DATA SECTION Block Start

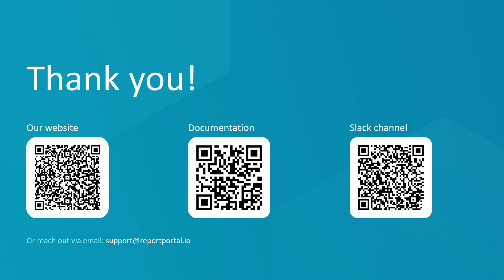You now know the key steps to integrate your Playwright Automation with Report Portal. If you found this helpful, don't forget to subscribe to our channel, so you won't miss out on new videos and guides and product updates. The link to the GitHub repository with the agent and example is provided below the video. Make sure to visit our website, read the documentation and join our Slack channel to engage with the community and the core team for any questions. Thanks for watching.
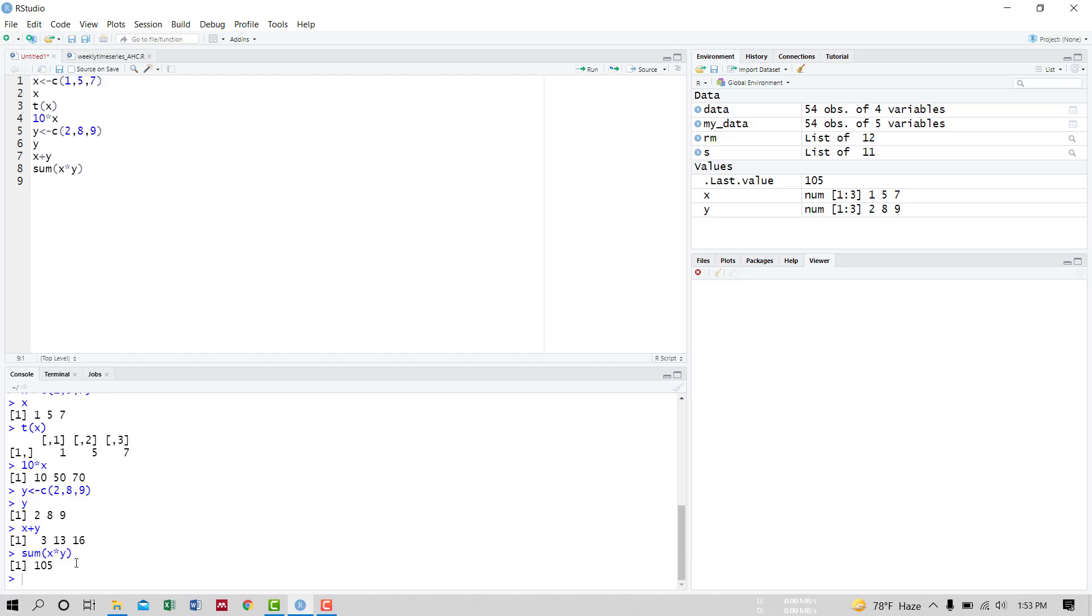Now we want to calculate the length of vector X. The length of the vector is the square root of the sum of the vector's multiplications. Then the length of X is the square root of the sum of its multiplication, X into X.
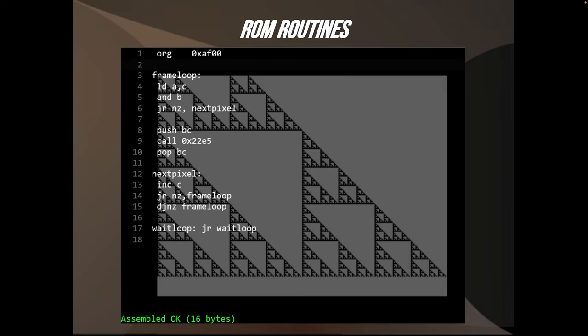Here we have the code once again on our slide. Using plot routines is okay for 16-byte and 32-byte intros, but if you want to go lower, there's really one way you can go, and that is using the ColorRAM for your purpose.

DATA SECTION Block End

REQUIRED WORK: Restate the listing word for word and drop the pictures.

RESPONSE AREA:
You now know the key steps to integrate your Playwright Automation with Report Portal. If you found this helpful, don't forget to subscribe to our channel, so you won't miss out on new videos and guides and product updates. The link to the GitHub repository with the agent and example is provided below the video. Make sure to visit our website, read the documentation and join our Slack channel to engage with the community and the core team for any questions. Thanks for watching.
Now we want to calculate the length of vector X. The length of the vector is the square root of the sum of the vector's multiplications. Then the length of X is the square root of the sum of its multiplication, X into X.
Here we have the code once again on our slide. Using plot routines is okay for 16-byte and 32-byte intros, but if you want to go lower, there's really one way you can go, and that is using the ColorRAM for your purpose.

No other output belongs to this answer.